Records from a dataset
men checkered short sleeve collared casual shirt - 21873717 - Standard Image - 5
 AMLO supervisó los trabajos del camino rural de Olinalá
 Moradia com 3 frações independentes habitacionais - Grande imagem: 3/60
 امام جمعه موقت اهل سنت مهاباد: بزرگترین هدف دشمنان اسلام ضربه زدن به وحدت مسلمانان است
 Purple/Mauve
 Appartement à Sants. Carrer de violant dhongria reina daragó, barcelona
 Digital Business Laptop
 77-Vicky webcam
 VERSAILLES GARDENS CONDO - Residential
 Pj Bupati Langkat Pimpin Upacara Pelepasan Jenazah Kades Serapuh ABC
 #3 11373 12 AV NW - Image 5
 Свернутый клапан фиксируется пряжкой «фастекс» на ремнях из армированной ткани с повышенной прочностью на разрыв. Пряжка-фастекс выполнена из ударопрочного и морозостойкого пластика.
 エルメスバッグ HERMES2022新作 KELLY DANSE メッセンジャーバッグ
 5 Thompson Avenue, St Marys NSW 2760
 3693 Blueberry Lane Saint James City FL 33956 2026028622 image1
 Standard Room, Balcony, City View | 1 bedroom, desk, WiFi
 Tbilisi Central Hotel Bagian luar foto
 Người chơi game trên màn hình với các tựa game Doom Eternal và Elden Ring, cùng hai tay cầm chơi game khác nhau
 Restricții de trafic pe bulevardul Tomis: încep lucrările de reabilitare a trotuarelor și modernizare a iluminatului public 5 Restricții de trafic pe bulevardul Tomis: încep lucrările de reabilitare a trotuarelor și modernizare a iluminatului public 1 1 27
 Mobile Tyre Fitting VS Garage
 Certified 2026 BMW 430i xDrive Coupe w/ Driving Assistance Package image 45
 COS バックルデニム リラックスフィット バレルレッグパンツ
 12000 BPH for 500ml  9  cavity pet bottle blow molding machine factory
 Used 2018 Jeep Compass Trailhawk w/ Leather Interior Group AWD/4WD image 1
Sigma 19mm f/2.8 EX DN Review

Required action » Lines above with the string "Standard" need to be found and copied.

Answer to the problem »
men checkered short sleeve collared casual shirt - 21873717 - Standard Image - 5
 Standard Room, Balcony, City View | 1 bedroom, desk, WiFi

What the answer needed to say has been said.